_Problem details_
Range to repeat from the listing below: the line containing "Dark Brown Textured" down to the line containing "Imagen 1 del", both included. Copy it exactly, pictures excluded, and add nothing else.

_Records for the exercise_

· · · · ·

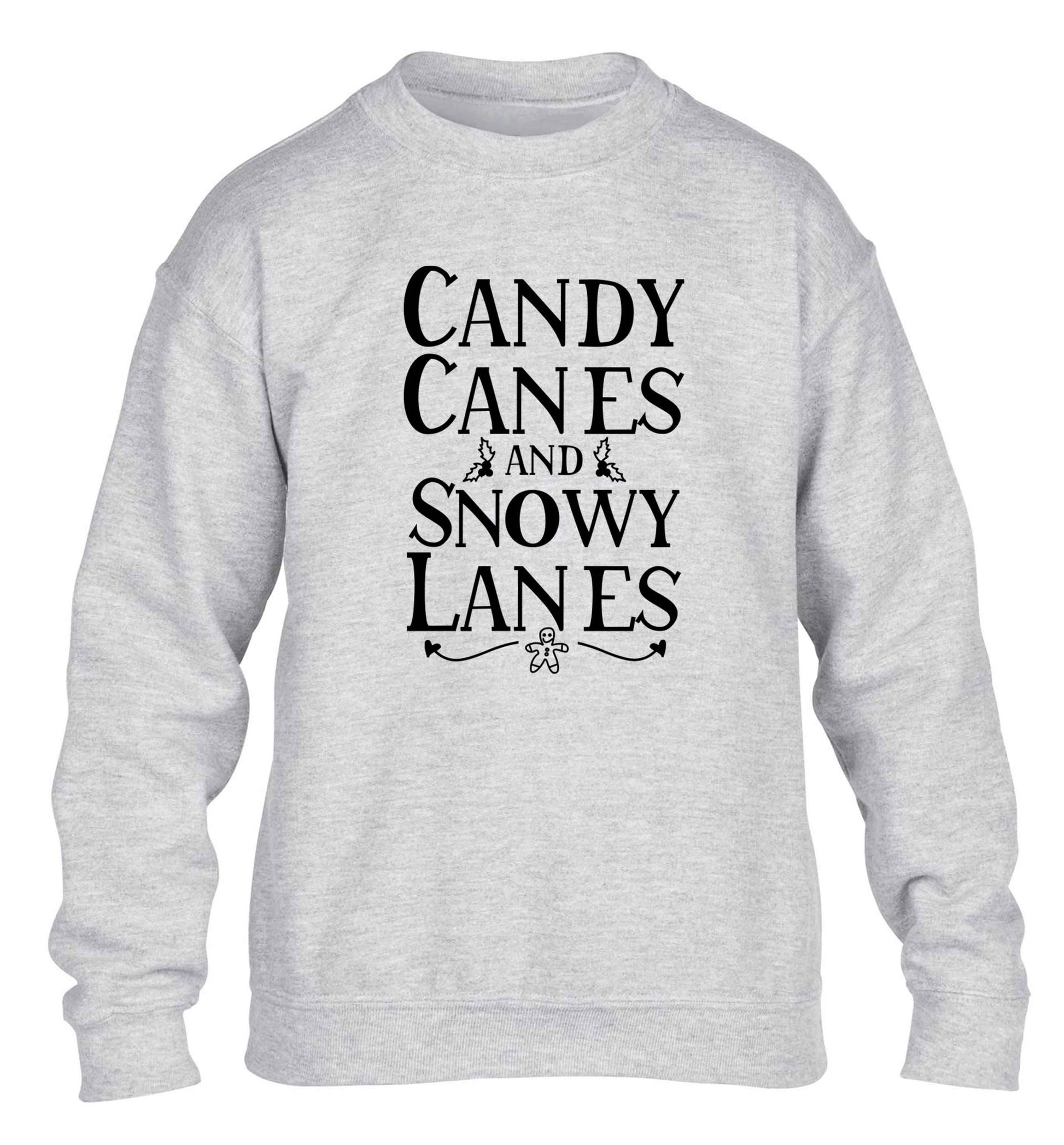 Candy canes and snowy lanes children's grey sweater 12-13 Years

· · · · ·

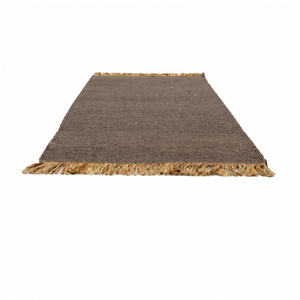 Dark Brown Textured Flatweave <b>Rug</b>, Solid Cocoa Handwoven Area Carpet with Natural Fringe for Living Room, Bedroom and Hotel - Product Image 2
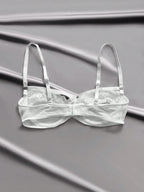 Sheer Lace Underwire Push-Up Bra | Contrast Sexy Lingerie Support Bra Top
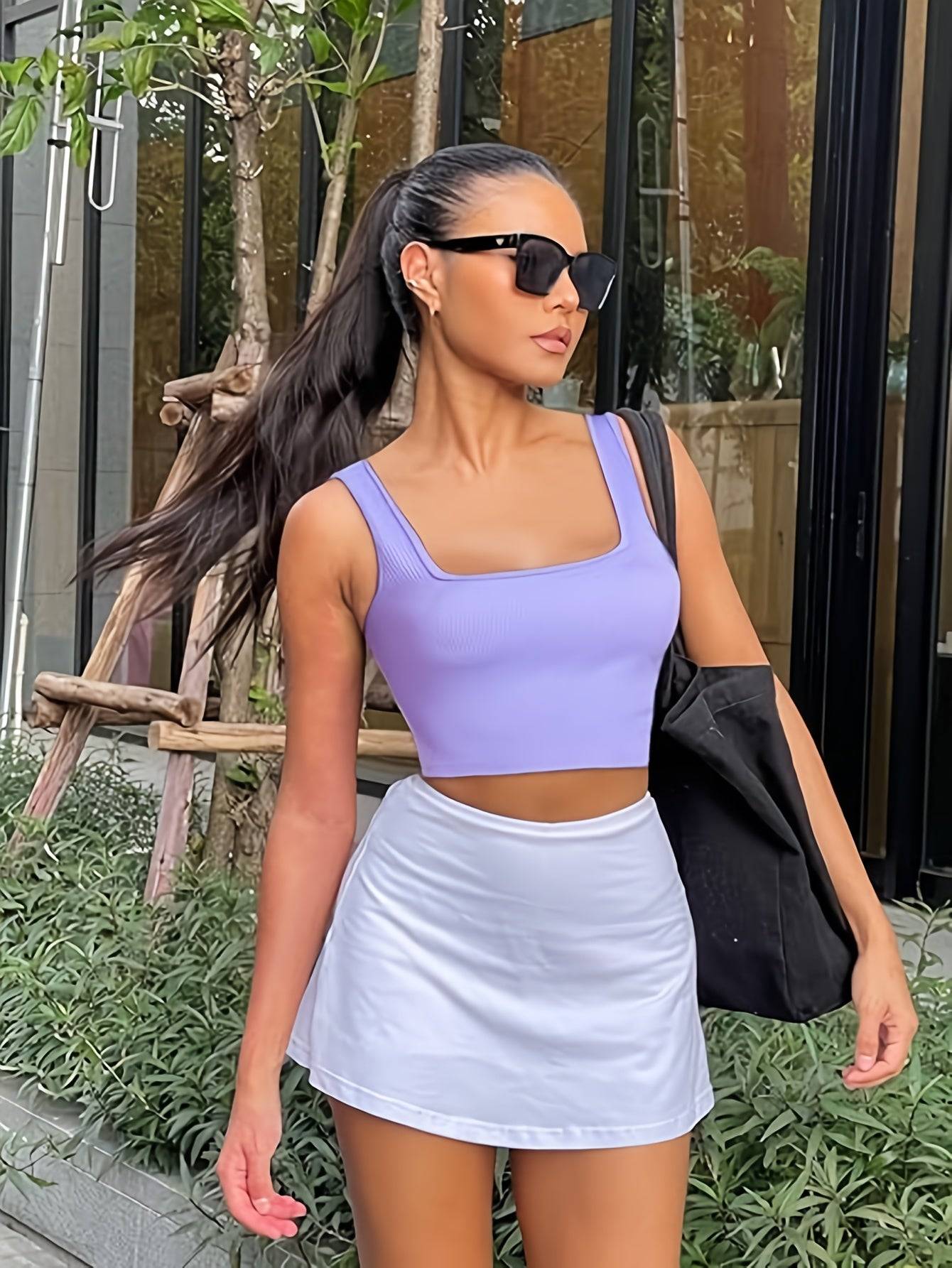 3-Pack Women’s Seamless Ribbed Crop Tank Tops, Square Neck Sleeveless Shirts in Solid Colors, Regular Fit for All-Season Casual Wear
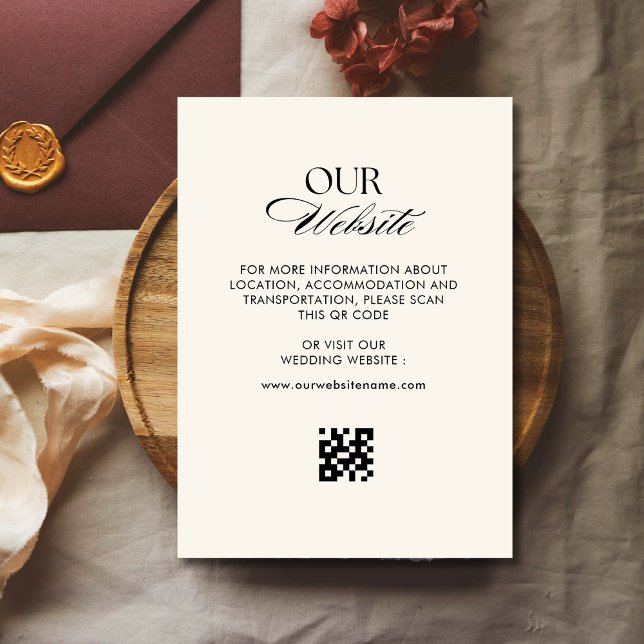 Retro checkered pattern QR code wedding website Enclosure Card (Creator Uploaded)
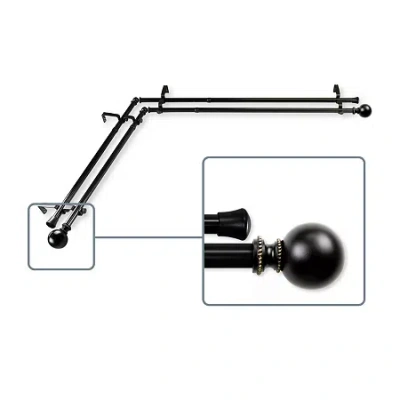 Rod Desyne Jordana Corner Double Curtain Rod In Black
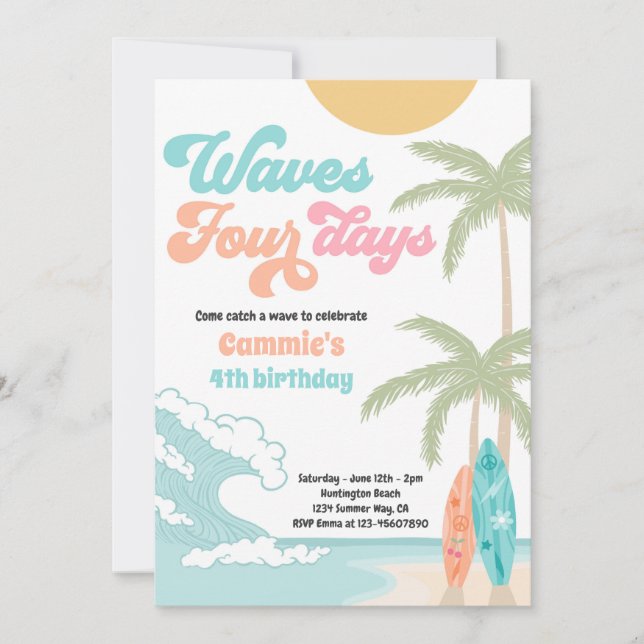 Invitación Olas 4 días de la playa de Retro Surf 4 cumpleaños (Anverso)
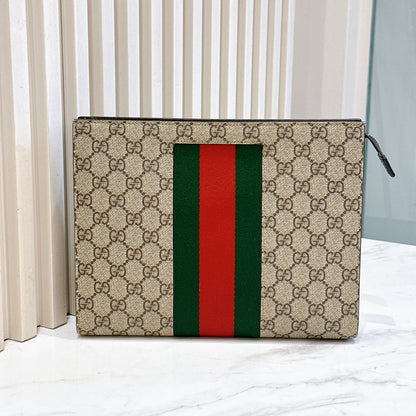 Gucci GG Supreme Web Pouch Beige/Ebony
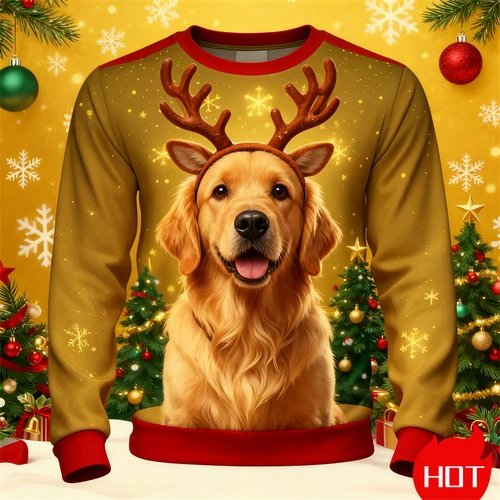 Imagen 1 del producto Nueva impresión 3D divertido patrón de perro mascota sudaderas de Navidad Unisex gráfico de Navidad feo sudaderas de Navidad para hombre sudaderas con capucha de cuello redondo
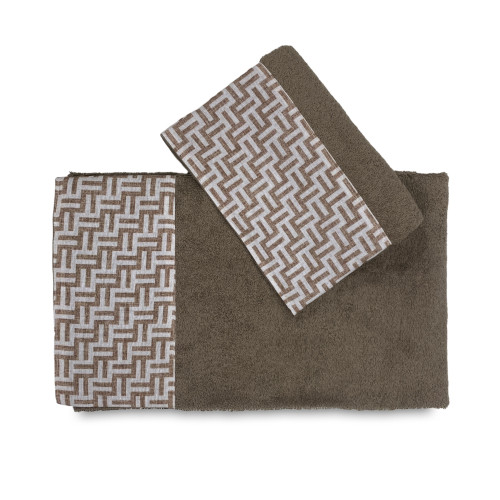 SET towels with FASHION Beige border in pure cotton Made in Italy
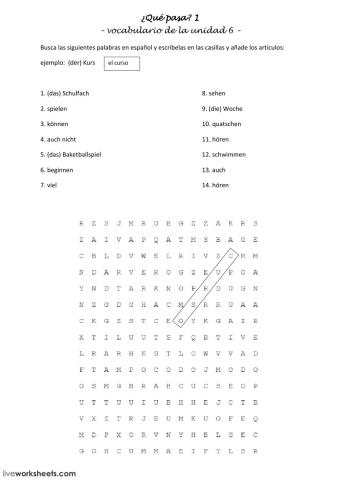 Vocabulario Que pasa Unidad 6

· · · · ·

_Problem solution_
 Dark Brown Textured Flatweave <b>Rug</b>, Solid Cocoa Handwoven Area Carpet with Natural Fringe for Living Room, Bedroom and Hotel - Product Image 2
 Sheer Lace Underwire Push-Up Bra | Contrast Sexy Lingerie Support Bra Top
 3-Pack Women’s Seamless Ribbed Crop Tank Tops, Square Neck Sleeveless Shirts in Solid Colors, Regular Fit for All-Season Casual Wear
 Retro checkered pattern QR code wedding website Enclosure Card (Creator Uploaded)
 Rod Desyne Jordana Corner Double Curtain Rod In Black
 Invitación Olas 4 días de la playa de Retro Surf 4 cumpleaños (Anverso)
 Gucci GG Supreme Web Pouch Beige/Ebony
 Imagen 1 del producto Nueva impresión 3D divertido patrón de perro mascota sudaderas de Navidad Unisex gráfico de Navidad feo sudaderas de Navidad para hombre sudaderas con capucha de cuello redondo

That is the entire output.